Adding and removing resources quickly, whether as a result of a failure or just a change in demand, requires having systems that are clearly defined and unchanging, or immutable. Cloud providers offer a variety of mechanisms in support of immutable systems, such as user-defined and pre-built system images, separation of code and data, and robust change controls. If a workload needs to be replaced, clients can be confident that it will come from an exact copy of the one it is replacing. Naturally these images must be updated often, and change controls ensure that updates are appropriately reviewed, tested, and approved before they are made available to production. Once a new image is available, workloads created from older images are cycled out and new ones brought in. In addition to being essential to reliability, immutable and ephemeral systems also come with beneficial security properties. When compromising systems, attackers want persistence. With individual hosts coming and going, any foothold gained in the systems is continuously lost. And because data and workloads are kept separate, the data is not at risk.

Replicable

Immutable images make it possible to rapidly scale compute resources, by adding as many more copies of virtual machines as are needed or desired. But this replicability also applies to delivering resilient, reliable, and high-performance data. Distributed databases, each with a full or partial copy of the whole, distribute the load for reads and allow more workloads to access the data they need without running into delays or conflicts. In the finance industry, we often see data replicated and distributed within a region, or even across regions for greater fault tolerance. If a single data store fails, only the portion of workloads using that store need to be restarted. Modern cloud systems will often break the data up into smaller segments or “shards”, and distribute those shards across a larger number of nodes.To ensure that a complete set of data is always available, shards often contain overlapping and replicated segments of data.

Observable

When everything is running in the cloud, the physical machines are remote and the ephemeral virtual machines keep popping in and out of existence. The ability to see how everything is running is essential, from the machine and operating system to the workloads, applications, and data flows. Observability covers a wide range of tasks, such as performance monitoring, error tracking, and application telemetry. In traditional or legacy architectures, when a system misbehaves, system administrators expect to be able to log into the physical machine and inspect it in real time. With cloud computing, management dashboards and logging tools provide a similar level of information about the virtual machines and workloads running on them. Orchestration systems manage resource allocation, automatically scaling machine groups up and down according to the client’s configuration and restarting workloads as needed. Logging, monitoring, and alerting tools provide clients with detailed information on the status of their cloud domain.

Building trust by assuming that everything breaks

Starting with the assumption that anything and everything will break helps cloud providers and cloud-native platforms deliver systems that are highly tolerant to failure of individual components. Fully automated build and refresh of workloads, based on immutable images, containerized architecture, as well as separate data stores—these all support rapid recovery and return to service times measured in seconds. Sometimes even less.
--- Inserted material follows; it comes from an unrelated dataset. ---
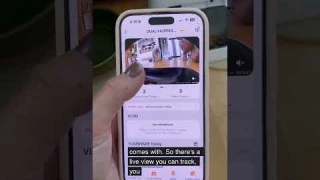 Amazon Must Have? Automatic Pet Feeder with Camera and Smart App Control Review & Demo!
Secure and segregated client environments provide each client with dashboards and controls to configure and manage their own system, independent of anyone else. This separation of tasks and responsibilities is part of the cloud’s shared responsibility model between the infrastructure provider, service or application provider, and client. Clearly defining roles and responsibilities and leveraging each participant’s capabilities results in systems that deliver the desired levels of resilience and reliability.